Stored data START

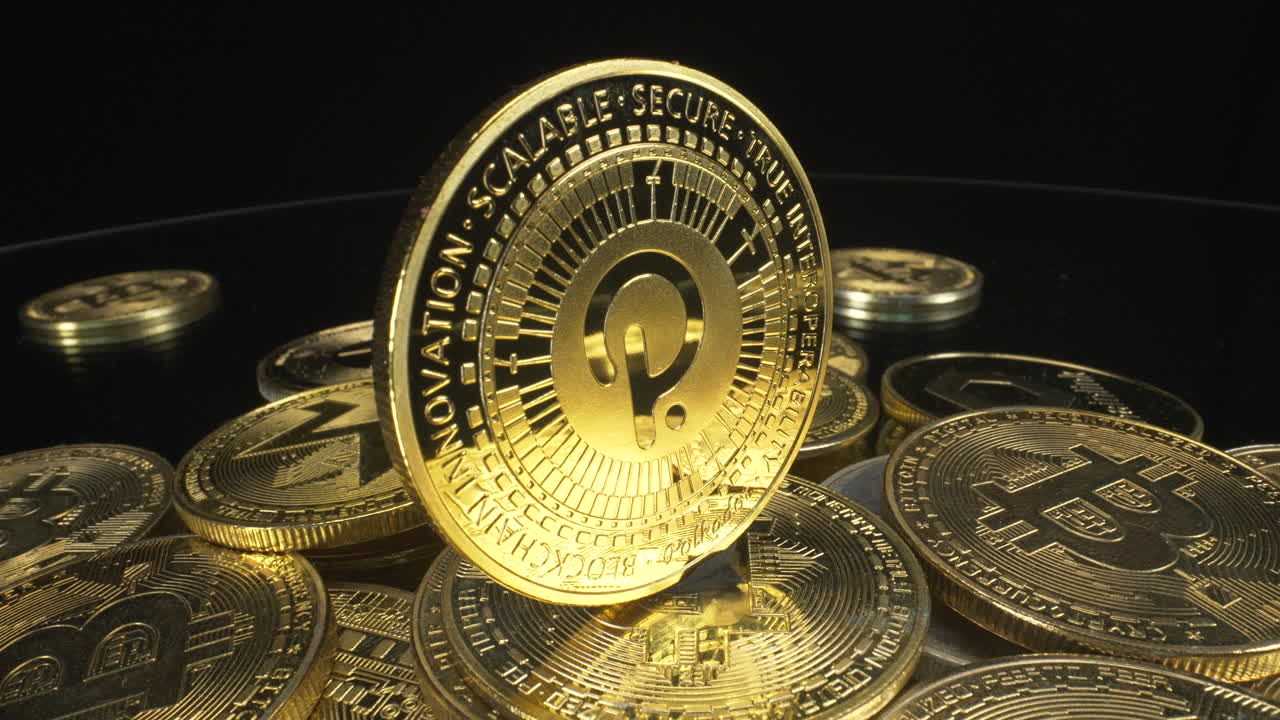 moneda polkadot dorada giratoria en una pila de monedas criptográficas en fondo negro, mercado criptográfico, toma de 4k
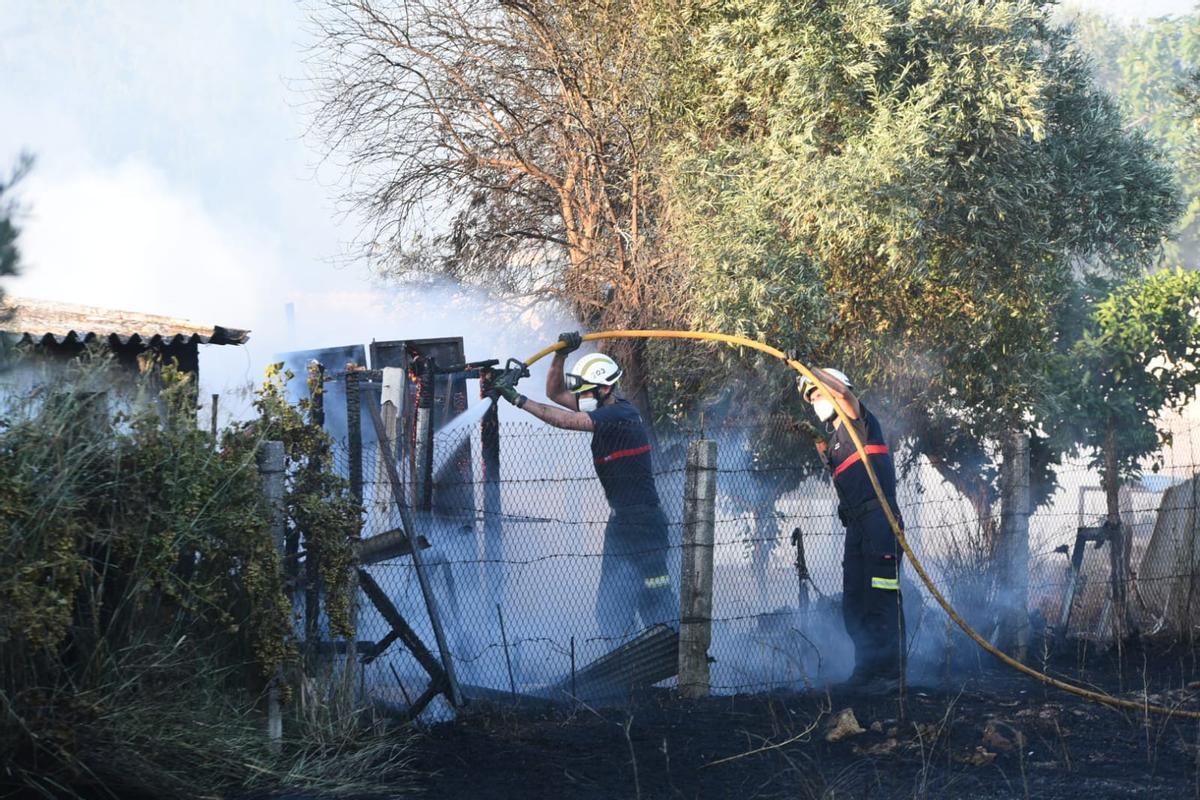 Los bomberos sofocan un fuego de pastos que amenazaba varias casas en ...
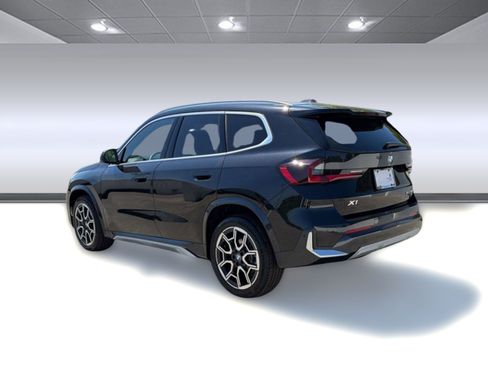 Used 2026 BMW X1 xDrive28i w/ Technology Package AWD/4WD image 3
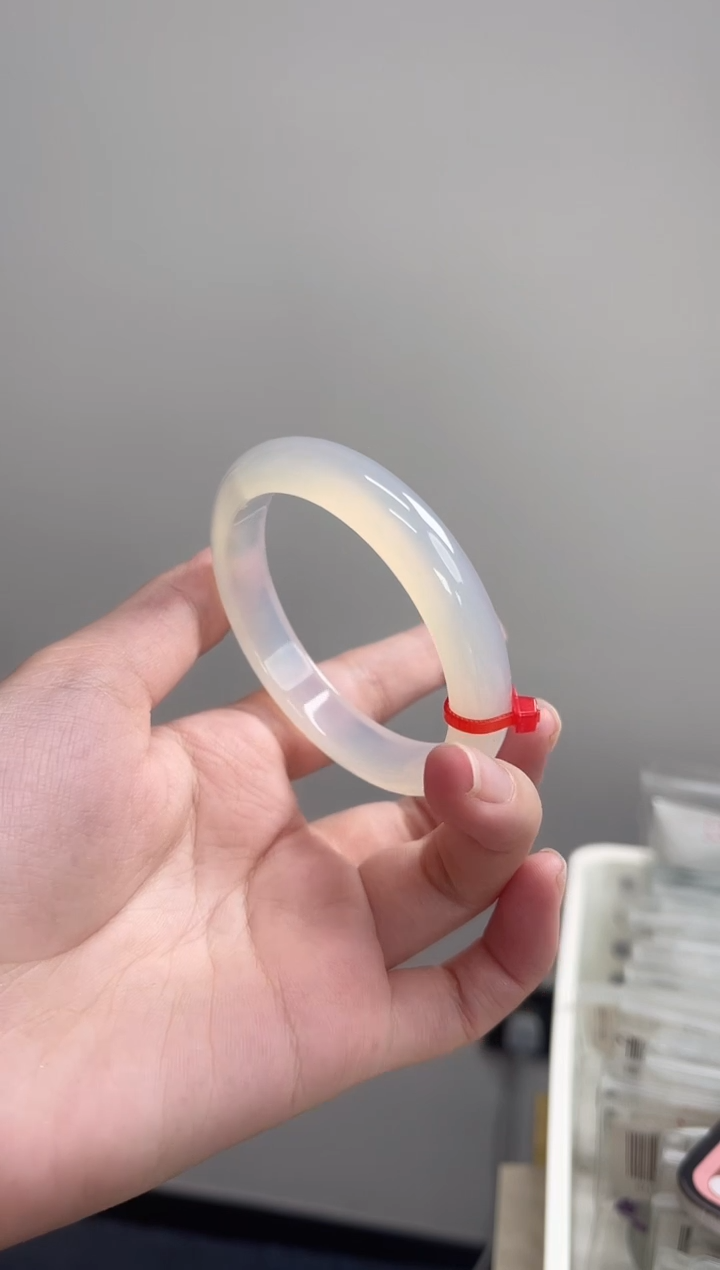 手镯玛瑙/玉髓未镶嵌54圈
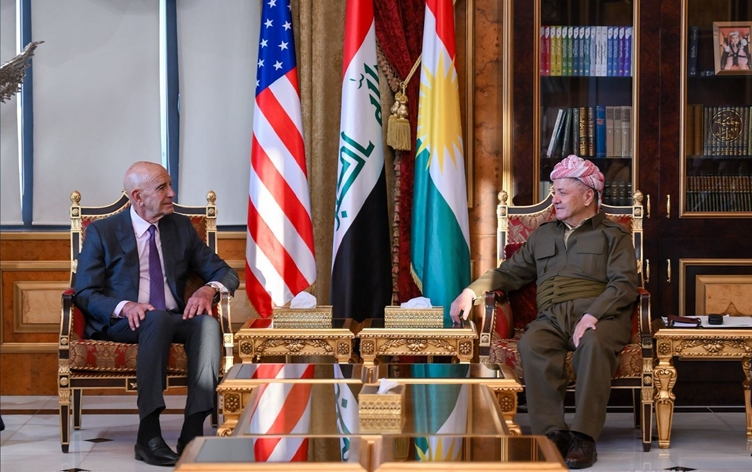 Tom Barrack pesnê Serok Barzanî da: Lîderekî efsanewî ye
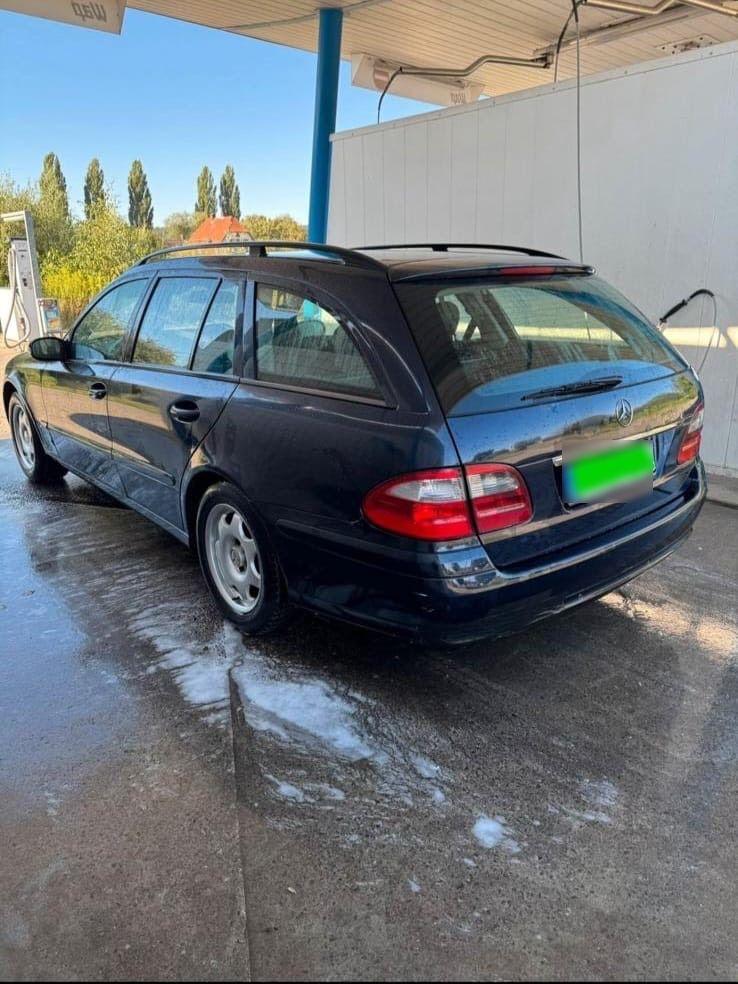 Mercedes-Benz E220 2005 — rear view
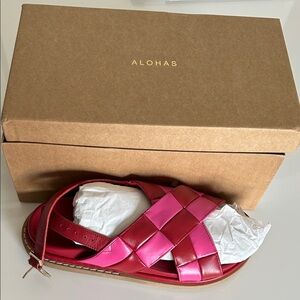ALOHAS marshmallow sacchi Two-Tone Red and Pink Sandals size US 9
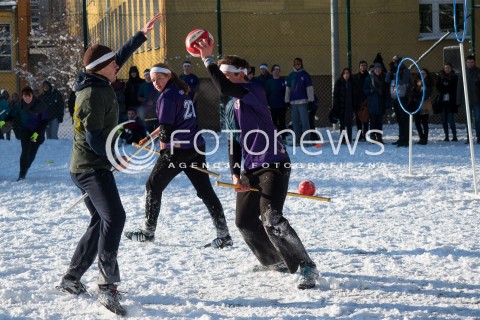  16.01.2016 WARSZAWA<br /> DRUGIE MISTRZOSTWA POLSKI W QUIDDITCHU<br />ELIMINACJE DO MISTRZOSTW EUROPY <br />N/Z MECZ ZESPOLOW KRAKOW DRAGONS I WARSAW MERMAIDS <br /> 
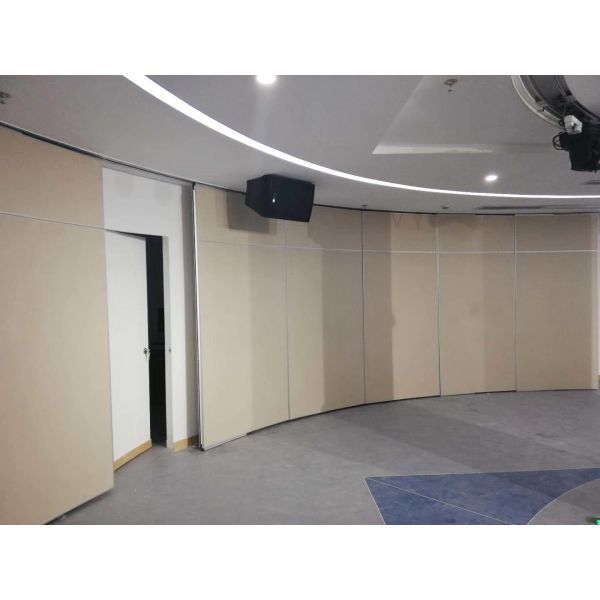 Aluminum Profile Wooden Panels Movable Partition Wall For Hotel 3 Years Warranty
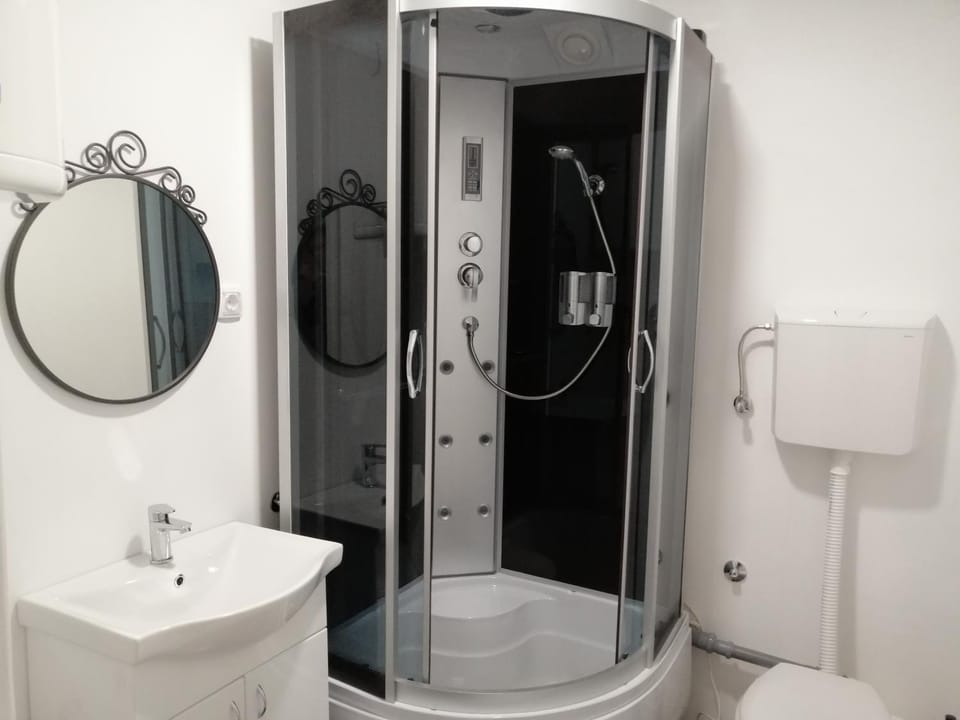 FilinHome Zmaj Jovina Suite Apartment in Novi Sad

Stored data END

## Assignment
Everything in the records above is to be copied exactly, except the pictures.

## Response to this task
 moneda polkadot dorada giratoria en una pila de monedas criptográficas en fondo negro, mercado criptográfico, toma de 4k
 Los bomberos sofocan un fuego de pastos que amenazaba varias casas en ...
 Used 2026 BMW X1 xDrive28i w/ Technology Package AWD/4WD image 3
 手镯玛瑙/玉髓未镶嵌54圈
 Tom Barrack pesnê Serok Barzanî da: Lîderekî efsanewî ye
 Mercedes-Benz E220 2005 — rear view
ALOHAS marshmallow sacchi Two-Tone Red and Pink Sandals size US 9
  16.01.2016 WARSZAWA<br /> DRUGIE MISTRZOSTWA POLSKI W QUIDDITCHU<br />ELIMINACJE DO MISTRZOSTW EUROPY <br />N/Z MECZ ZESPOLOW KRAKOW DRAGONS I WARSAW MERMAIDS <br /> 
 Aluminum Profile Wooden Panels Movable Partition Wall For Hotel 3 Years Warranty
 FilinHome Zmaj Jovina Suite Apartment in Novi Sad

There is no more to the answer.